Boca Raton-based PEBB Capital, a private equity firm that has $1B invested in multiple asset classes, is in the process of securing opportunity zone deals around the country totaling $250M, with some sites under contract. PEBB Capital principal James Jago outlined some of the things he is looking for with the new regulations. 

"The regulations say you have to exit at the entity/fund level, which means if you have multiple assets in one fund, you have to sell them all together, which may not be the best execution for the assets. For example, if you have a hotel and an apartment building in one [fund], you might be best suited to sell the hotel at one point to a hotel buyer and the apartment building at a different point to an apartment buyer."

The new rules may or may not allow for that. 

Jago said there are also questions around the recycling of distributed capital — whether investors can redeploy cash distributed from one fund into another without recognizing the gain, for example.

"If profits can be redeployed into other qualified opportunity zone developments, then investors won’t need to hold the asset for 10 years, which will greatly increase the attractiveness of the program to a wider range of developers," Jago wrote.

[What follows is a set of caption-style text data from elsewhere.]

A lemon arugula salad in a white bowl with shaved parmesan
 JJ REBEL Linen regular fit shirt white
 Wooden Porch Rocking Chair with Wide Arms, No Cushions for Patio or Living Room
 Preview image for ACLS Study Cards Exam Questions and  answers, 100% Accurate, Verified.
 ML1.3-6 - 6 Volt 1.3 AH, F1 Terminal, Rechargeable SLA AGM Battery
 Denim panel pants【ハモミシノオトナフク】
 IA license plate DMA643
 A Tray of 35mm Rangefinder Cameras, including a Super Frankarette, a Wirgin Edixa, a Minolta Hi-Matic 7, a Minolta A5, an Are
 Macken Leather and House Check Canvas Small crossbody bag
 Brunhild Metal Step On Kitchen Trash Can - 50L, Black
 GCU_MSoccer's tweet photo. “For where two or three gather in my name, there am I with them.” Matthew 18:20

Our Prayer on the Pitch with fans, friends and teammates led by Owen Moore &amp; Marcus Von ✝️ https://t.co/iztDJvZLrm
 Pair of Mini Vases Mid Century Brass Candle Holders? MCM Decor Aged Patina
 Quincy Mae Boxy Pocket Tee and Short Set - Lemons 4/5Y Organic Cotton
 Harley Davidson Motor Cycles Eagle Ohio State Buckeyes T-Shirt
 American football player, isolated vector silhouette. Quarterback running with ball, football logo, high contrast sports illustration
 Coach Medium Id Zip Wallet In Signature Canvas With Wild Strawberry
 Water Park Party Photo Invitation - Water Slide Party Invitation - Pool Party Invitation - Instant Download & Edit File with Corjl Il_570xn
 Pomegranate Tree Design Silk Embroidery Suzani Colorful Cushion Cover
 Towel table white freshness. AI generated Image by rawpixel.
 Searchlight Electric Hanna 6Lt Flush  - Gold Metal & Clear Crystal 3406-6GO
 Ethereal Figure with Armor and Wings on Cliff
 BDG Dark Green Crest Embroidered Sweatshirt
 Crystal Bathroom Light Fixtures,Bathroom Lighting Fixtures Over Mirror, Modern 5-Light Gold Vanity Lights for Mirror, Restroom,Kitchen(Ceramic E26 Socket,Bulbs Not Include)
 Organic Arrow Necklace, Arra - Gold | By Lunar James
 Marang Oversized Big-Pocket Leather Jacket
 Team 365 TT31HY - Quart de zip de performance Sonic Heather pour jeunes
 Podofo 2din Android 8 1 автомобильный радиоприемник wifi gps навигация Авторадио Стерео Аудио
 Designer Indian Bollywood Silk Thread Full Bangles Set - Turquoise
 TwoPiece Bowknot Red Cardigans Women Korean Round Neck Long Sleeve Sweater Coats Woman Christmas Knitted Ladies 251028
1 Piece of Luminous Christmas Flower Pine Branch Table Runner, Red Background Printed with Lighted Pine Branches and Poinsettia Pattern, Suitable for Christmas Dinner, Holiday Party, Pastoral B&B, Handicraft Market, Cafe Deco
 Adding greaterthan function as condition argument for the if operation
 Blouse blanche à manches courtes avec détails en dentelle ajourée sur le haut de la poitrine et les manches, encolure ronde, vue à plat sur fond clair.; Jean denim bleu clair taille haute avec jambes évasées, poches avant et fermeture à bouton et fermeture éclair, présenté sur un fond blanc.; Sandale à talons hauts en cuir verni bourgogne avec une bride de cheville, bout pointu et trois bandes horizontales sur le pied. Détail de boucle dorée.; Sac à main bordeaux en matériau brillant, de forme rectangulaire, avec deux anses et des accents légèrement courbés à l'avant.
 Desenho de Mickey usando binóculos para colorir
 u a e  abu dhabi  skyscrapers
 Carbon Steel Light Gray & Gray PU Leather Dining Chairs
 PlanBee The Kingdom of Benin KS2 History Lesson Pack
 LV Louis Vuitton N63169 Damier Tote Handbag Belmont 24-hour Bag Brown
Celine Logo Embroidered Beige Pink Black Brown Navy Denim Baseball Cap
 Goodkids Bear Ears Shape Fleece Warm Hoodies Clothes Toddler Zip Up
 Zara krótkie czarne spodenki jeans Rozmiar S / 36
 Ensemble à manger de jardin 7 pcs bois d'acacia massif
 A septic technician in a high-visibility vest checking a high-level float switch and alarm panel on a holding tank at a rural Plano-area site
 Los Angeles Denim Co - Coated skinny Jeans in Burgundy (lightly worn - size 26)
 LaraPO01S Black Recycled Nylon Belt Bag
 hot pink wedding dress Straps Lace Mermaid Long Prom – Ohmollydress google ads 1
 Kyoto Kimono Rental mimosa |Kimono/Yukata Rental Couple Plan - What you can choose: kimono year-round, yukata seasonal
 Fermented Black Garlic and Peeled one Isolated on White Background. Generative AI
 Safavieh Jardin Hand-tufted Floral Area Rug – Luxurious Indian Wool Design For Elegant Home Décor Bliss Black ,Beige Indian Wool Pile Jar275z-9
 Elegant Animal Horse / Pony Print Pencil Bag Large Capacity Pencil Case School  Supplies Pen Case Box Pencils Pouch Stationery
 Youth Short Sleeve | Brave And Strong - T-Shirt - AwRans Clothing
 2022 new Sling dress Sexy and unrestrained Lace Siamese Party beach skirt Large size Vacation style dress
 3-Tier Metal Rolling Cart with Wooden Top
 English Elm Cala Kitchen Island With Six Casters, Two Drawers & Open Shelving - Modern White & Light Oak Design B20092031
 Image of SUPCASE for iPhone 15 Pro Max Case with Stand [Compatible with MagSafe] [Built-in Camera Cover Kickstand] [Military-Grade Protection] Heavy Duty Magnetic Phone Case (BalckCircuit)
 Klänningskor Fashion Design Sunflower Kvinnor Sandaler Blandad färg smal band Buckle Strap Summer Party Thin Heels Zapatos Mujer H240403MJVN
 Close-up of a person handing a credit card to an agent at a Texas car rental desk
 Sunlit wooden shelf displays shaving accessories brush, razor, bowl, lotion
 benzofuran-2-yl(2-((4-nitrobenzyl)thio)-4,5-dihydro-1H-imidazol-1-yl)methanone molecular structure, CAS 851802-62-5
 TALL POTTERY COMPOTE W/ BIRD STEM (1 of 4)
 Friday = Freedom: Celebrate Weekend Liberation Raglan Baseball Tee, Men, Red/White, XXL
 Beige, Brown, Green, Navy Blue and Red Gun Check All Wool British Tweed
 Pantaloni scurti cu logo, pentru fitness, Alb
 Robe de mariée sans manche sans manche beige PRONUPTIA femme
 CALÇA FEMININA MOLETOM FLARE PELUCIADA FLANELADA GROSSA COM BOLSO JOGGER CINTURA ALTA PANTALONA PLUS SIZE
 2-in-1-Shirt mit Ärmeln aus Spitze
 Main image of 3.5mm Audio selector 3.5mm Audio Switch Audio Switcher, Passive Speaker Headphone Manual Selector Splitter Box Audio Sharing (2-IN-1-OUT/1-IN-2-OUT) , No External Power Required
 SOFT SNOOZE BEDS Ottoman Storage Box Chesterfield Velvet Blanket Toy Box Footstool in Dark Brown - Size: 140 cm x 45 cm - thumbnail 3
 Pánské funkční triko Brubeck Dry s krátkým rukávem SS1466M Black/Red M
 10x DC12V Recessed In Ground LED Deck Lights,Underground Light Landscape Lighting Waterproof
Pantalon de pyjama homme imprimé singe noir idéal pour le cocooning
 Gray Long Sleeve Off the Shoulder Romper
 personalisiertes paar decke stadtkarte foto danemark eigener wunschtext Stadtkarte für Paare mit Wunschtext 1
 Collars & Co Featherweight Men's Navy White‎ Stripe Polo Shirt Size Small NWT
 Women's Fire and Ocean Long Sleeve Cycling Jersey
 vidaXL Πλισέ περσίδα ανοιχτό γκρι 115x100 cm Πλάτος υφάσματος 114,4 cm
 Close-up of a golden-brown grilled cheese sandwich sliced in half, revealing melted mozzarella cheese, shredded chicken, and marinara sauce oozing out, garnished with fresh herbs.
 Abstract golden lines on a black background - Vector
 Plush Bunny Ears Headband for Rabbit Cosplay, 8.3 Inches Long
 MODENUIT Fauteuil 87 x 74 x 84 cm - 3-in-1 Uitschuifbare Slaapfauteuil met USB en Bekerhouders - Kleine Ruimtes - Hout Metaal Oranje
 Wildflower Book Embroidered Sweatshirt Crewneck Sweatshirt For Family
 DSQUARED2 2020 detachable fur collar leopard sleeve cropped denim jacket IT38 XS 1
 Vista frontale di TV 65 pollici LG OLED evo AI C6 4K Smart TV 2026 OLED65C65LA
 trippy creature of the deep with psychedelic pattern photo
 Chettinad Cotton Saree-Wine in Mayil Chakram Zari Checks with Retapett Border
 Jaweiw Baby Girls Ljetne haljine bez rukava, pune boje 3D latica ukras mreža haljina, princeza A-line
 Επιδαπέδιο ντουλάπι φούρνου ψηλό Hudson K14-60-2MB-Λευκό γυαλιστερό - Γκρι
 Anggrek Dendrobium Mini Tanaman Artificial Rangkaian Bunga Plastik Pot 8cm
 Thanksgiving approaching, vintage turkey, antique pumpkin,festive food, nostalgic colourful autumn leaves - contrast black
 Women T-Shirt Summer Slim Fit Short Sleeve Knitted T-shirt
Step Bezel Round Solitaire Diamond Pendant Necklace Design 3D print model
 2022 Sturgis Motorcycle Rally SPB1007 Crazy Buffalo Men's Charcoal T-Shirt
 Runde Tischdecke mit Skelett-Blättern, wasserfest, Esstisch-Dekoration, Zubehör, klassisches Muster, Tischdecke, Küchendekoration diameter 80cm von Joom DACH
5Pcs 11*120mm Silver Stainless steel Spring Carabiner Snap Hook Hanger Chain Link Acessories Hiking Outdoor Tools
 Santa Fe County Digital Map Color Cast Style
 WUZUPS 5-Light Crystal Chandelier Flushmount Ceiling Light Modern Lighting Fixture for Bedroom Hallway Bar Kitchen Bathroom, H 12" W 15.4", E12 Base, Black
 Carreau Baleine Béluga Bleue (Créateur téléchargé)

He is also looking at whether there will be adjustments made to time frames in the program rules. Jago said developers could do everything within their power to meet certain deadlines, yet run into what he called "foot faults" (to borrow a tennis term, meaning to mess up on a technicality). Delays in zoning changes or permitting may not be the developers' fault but could cause them to miss timing thresholds and in turn nullify the benefits of the QOZ program, "which is a scary prospect," Jago said. 

Undeveloped land is another outstanding question.

"Developers want to know how raw land will be treated and how to ensure that they know how much money they need to invest in the land to meet the tests. Some developers may want to invest as little as possible today to meet the test, then wait for land to appreciate and borrow loan dollars in the future to fund a future development. On the value allocation side, investors in existing assets want to allocate as much as possible to the land so that they can do as light of a renovation as possible to meet the substantial improvement test."

Depreciation recapture is another concern for investors, as it impacts the tax they would pay on the back end when they sell the property. 

Bernstein said that on top of the rules this spring, more guidance is expected in the fall that will stem potential for abuse in the program. 

"I expect that anti-abuse language to specifically address 'promote' interests for developers," Bernstein said, referring to the extra share of profit that a sponsor is due after certain return thresholds for a partnership are met. Rules could specify how the promote interest is calculated and taxed. 

If all that is not enough to think about, Novogradac has a list of 20 considerations around the new regulations.